* Task prompt:
Each line below must be reproduced exactly as it stands. Pictures stay out of the copy.
Start of Data block
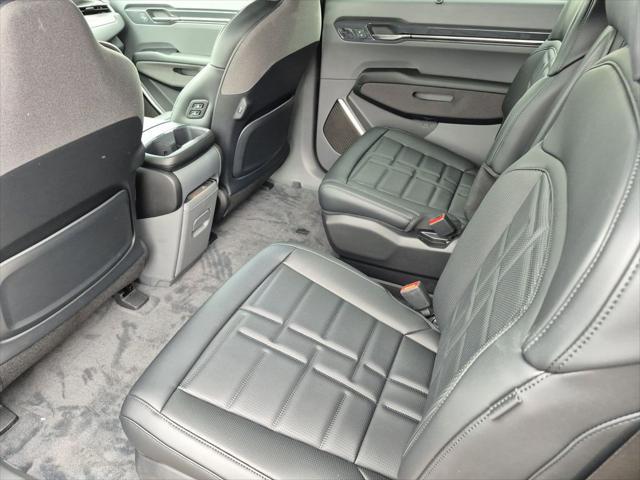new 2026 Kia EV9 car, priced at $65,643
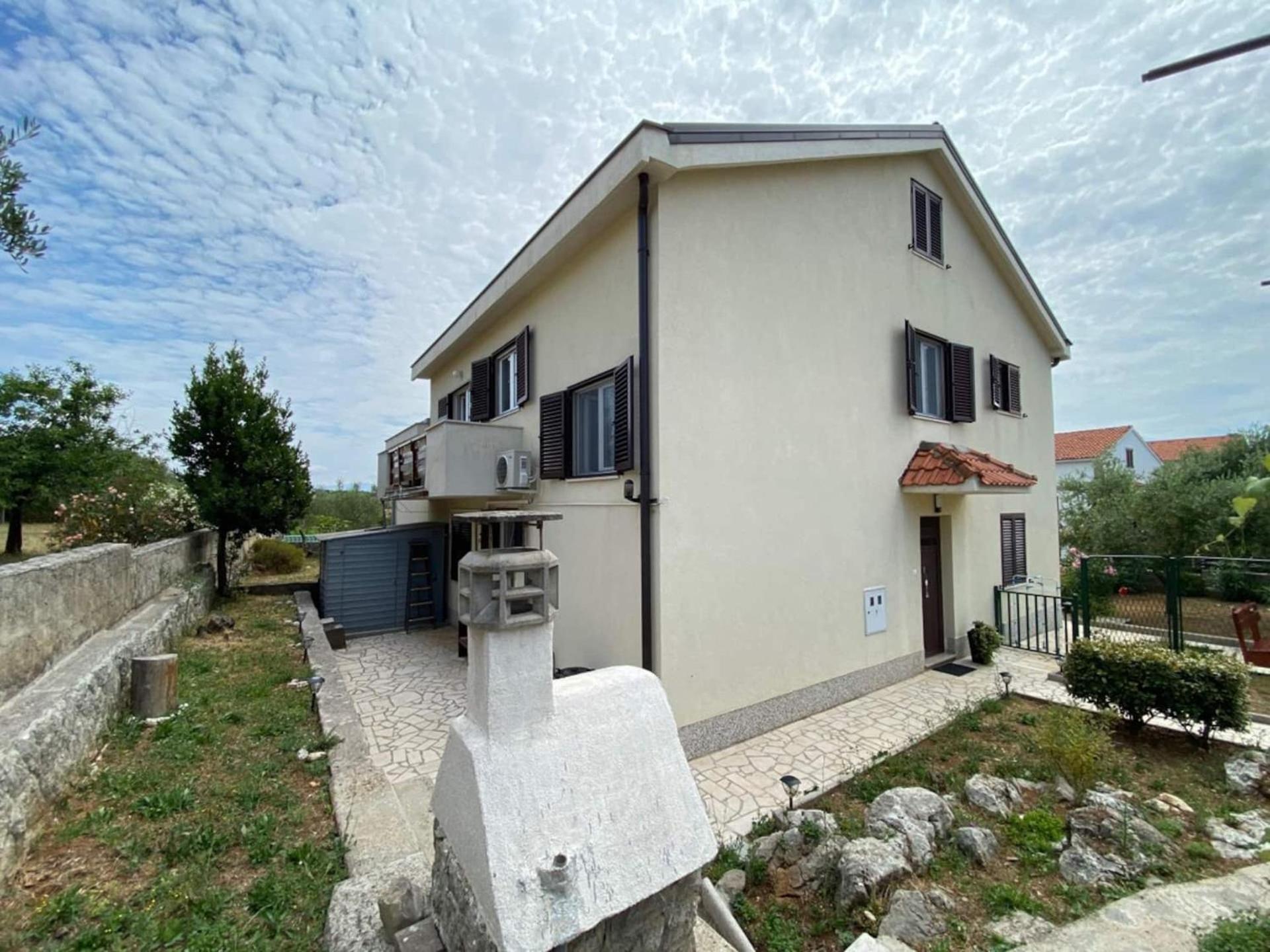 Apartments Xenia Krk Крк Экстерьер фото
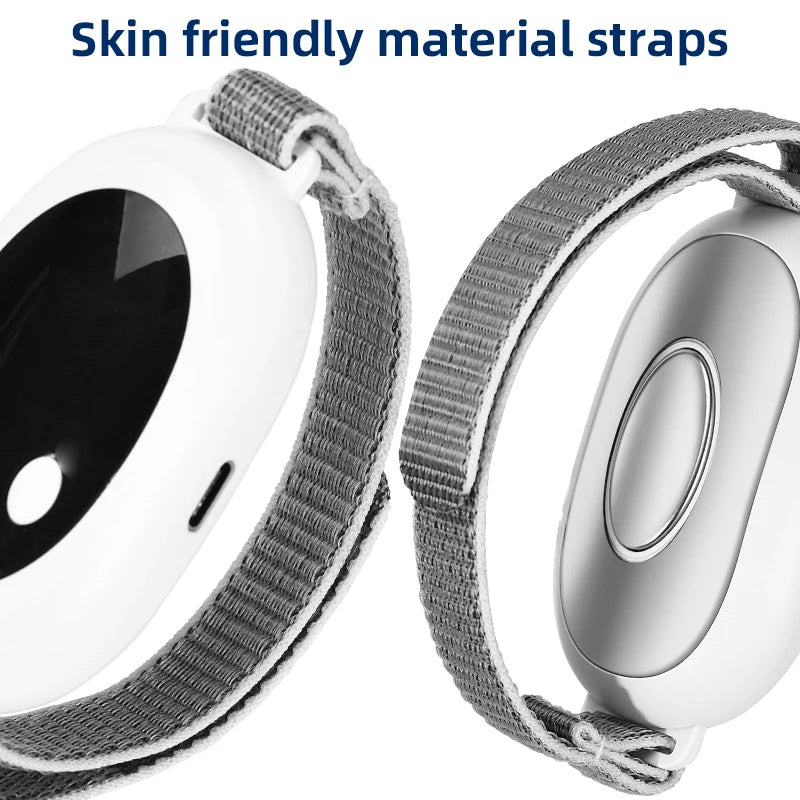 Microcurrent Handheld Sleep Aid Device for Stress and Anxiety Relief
End of Data block
* Response to the task:
new 2026 Kia EV9 car, priced at $65,643
 Apartments Xenia Krk Крк Экстерьер фото
 Microcurrent Handheld Sleep Aid Device for Stress and Anxiety Relief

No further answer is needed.